なぜ口の中は肛門より汚いと言われるのか?口内細菌の正体

ところで「我々の体の中に住んでいる細菌は?」と聞かれて思い浮かぶのは何ですか?
「腸内細菌」が思い浮かびませんでしたか?
実際、腸の中には多くの細菌が生息しています。でも、私たちの身体の中には腸管に引けを取らないほど大量の細菌が生息している場所が他にもあります。それが、口の中です。
口の中からは、約500〜700種類の細菌が検出されていて、口腔管理が十分できている健康な人でも約2000億個もの細菌が生息していると言われています。この数字がどれほどのものかというと、肛門周囲の細菌数が約30億個と言われていますから、細菌の数を基準に考えれば、口の中は肛門よりもはるかに汚いということになります。
ただし、口の中が健康な状態にあれば、細菌が悪さを働くことはありません。
こうした体の決まった場所に生息する細菌のことを「常在菌」と言い、基本的には人の健康に影響を与えることはなく、共生関係にあります。

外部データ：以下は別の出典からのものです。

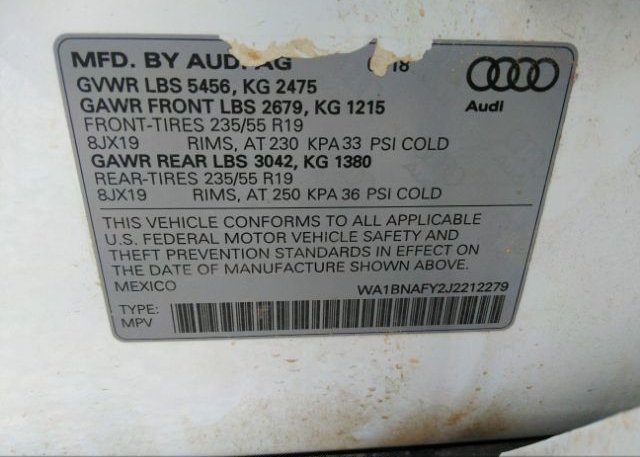 2018 AUDI Q5 VIN: WA1BNAFY2J2212279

安定した数で存在することで、病原性の微生物が侵入した際に、その繁殖を抑制し、発病を防ぐ効果があると言われています。
では、口腔管理が十分でない人の細菌の状態はどうなっているか見てみましょう。

なんと、細菌が健康な人の2〜3倍、すなわち約4000億〜6000億もの数へと膨れ上がります。ひどい場合には1兆にも及ぶと言われていますから、恐ろしいものです。

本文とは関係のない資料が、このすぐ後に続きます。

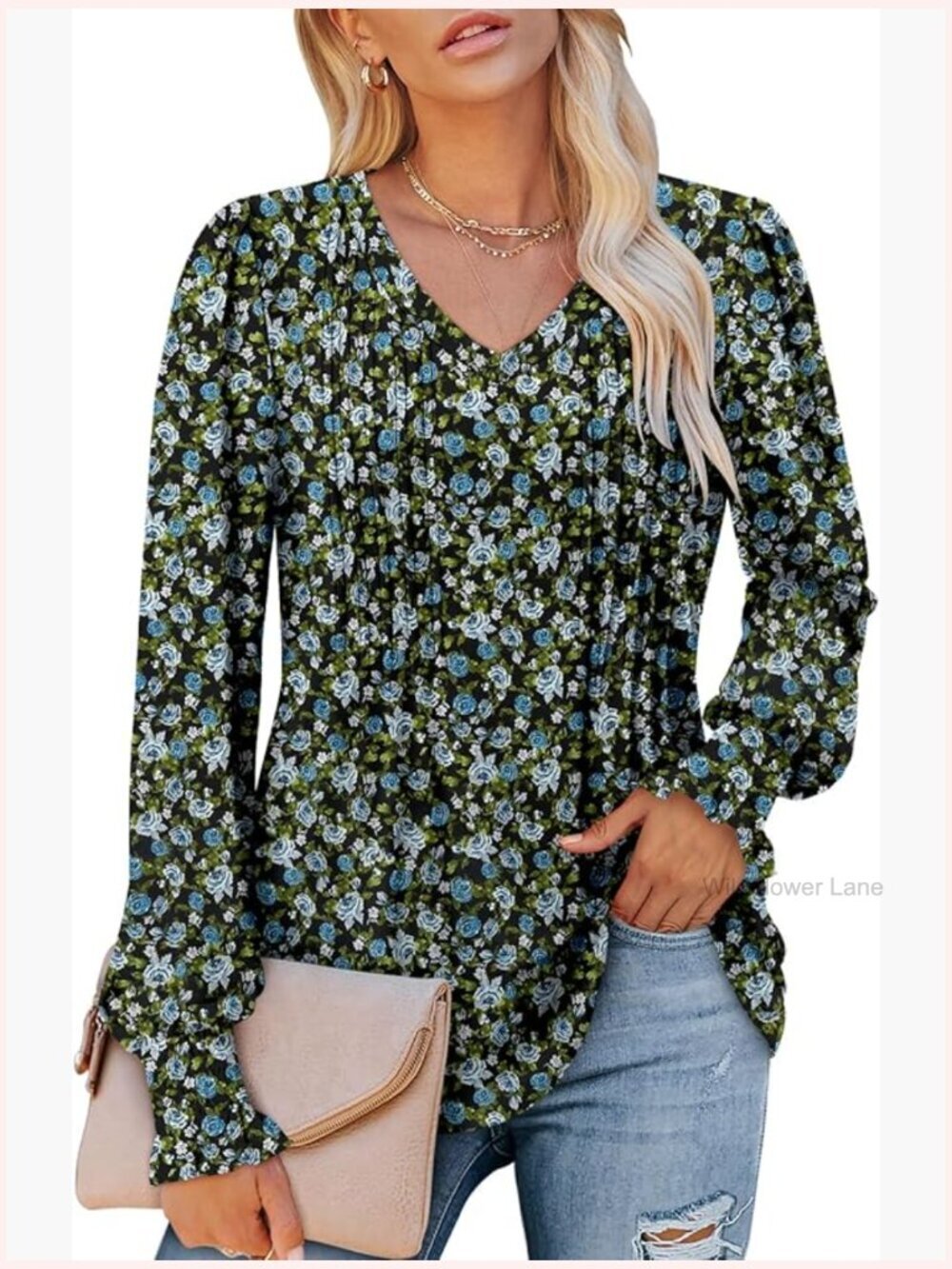 Floral V-Neck Long Sleeve Tunic Blouse Button Down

いくら常在菌といえども、増えすぎると状況は変わります。虫歯や歯周病の原因となるのはもちろんのこと、それだけでは収まらず、最終的に全身の健康被害へと波及していきます。その中には、命に関わる疾患も含まれます。
口は肛門よりもはるかに汚いです。

そのため、日々きちんと清掃管理をしなければ、大きな問題へと発展しかねません。